Download or read book Jewish Literatures and Cultures written by Anita Norich and published by Society of Biblical Lit. This book was released on 2008 with total page 272 pages. Available in PDF, EPUB and Kindle. Book excerpt: Jewish literatures and cultures : context and intertext / Anita Norich -- From continuity to contiguity : thoughts on the theory of Jewish literature / Dan Miron -- Beyond influence : toward a new historiographic paradigm / Michael L. Satlow -- Hellenistic Judaism : myth or reality? / Gabriele Boccaccini -- "He was renowned to the ends of the earth" (1 Maccabees 3:9) : Judaism and Hellenism in 1 Maccabees / Martha Himmelfarb -- Roman statues, rabbis, and Greco-Roman culture / Yaron Z. Eliav -- The ghetto and Jewish cultural formation in early modern Europe : towards a new interpretation / David Ruderman -- Hybrid with what? : the variable contexts of Polish Jewish culture : their implications for Jewish cultural history and Jewish studies / Moshe Rosman -- Idols of the cave and theater : a verbal or visual Judaism? / Kalman P. Bland -- "Reverse marranism," translatability, and practice of secular Jewish culture in Russian / Gabriella Safran -- Intertextuality, Rabbinic literature, and the making of Hebrew modernism / Shachar Pinsker -- Brooklyn am Rhein? : the German sources of Jewish-American literature / Julian Levinson -- Diaspora and translation : the migrations of Jewish meaning / Naomi Seidman.

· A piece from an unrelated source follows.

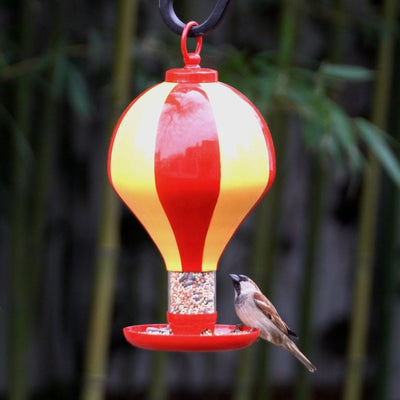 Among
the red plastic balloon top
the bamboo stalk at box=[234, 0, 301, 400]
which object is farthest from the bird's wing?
the bamboo stalk at box=[234, 0, 301, 400]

Book Biblical Lexicology  Hebrew and Greek

Download or read book Biblical Lexicology Hebrew and Greek written by Eberhard Bons and published by Walter de Gruyter GmbH & Co KG. This book was released on 2015-07-01 with total page 404 pages. Available in PDF, EPUB and Kindle. Book excerpt: Lexicography, together with grammatical studies and textual criticism, forms the basis of biblical exegesis. Recent decades have seen much progress in this field, yet increasing specialization also tends to have the paradoxical effect of turning exegesis into an independent discipline, while leaving lexicography to the experts. The present volume seeks to renew and intensify the exchange between the study of words and the study of texts. This is done in reference to both the Hebrew source text and the earliest Greek translation, the Septuagint. Questions addressed in the contributions to this volume are how linguistic meaning is effected, how it relates to words, and how words may be translated into another language, in Antiquity and today. Etymology, semantic fields, syntagmatic relations, word history, neologisms and other subthemes are discussed. The main current and prospective projects of biblical lexicology or lexicography are presented, thus giving an idea of the state of the art. Some of the papers also open up wider perspectives of interpretation.